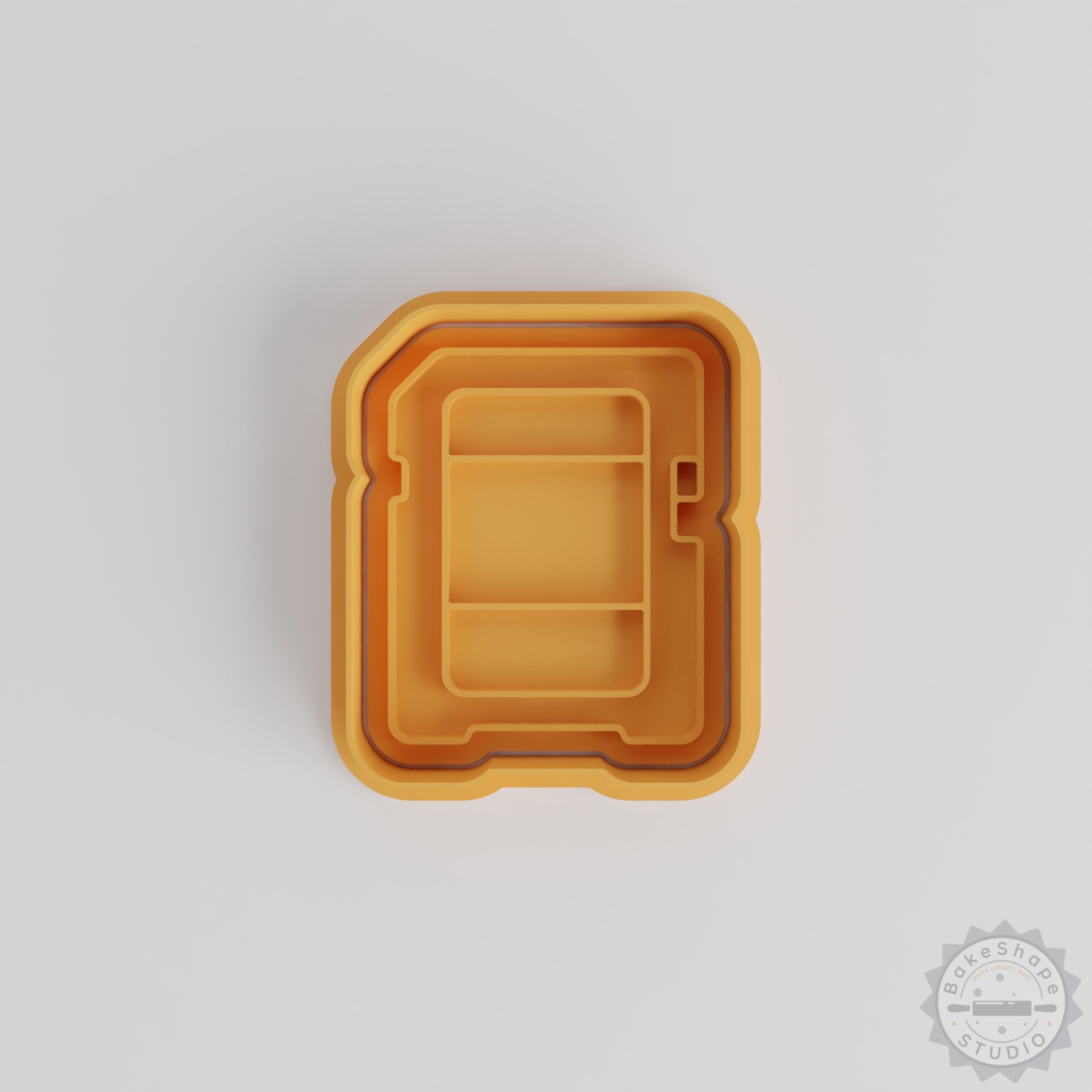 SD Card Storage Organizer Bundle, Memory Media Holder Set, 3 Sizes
━━━━━━
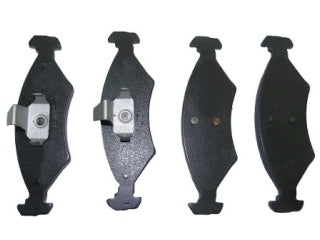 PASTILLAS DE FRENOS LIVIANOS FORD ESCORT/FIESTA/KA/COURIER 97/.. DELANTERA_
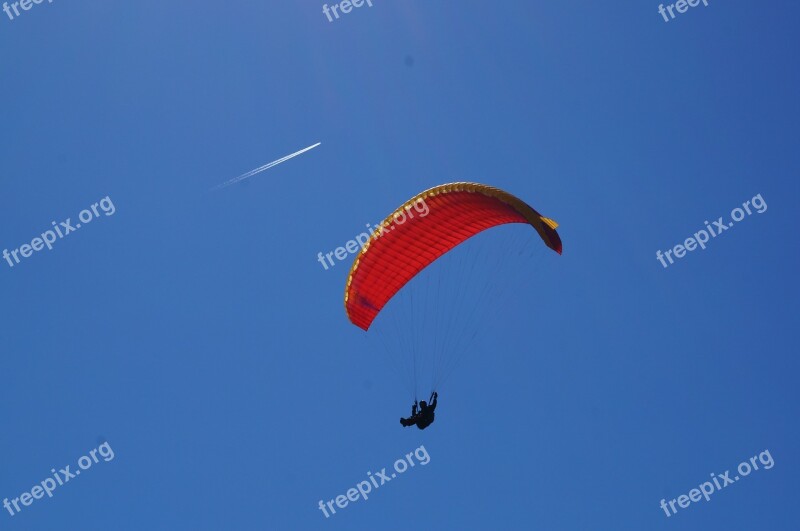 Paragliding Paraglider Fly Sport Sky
━━━━━━
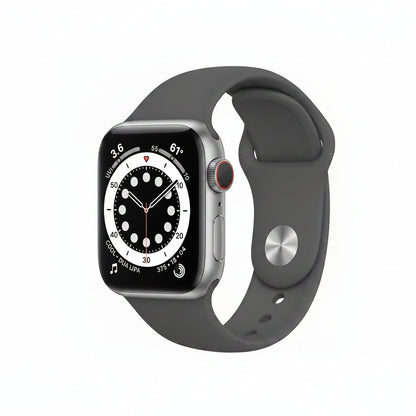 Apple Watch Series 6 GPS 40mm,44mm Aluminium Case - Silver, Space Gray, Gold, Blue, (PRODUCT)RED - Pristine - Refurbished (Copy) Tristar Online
━━━━━━
Problem: Those lines of the records above that run from the one containing "PASTILLAS DE FRENOS" through the one containing "Paragliding Paraglider Fly Sport Sky" should be returned exactly, with no pictures among them.

Result of this exercise:
 PASTILLAS DE FRENOS LIVIANOS FORD ESCORT/FIESTA/KA/COURIER 97/.. DELANTERA_
 Paragliding Paraglider Fly Sport Sky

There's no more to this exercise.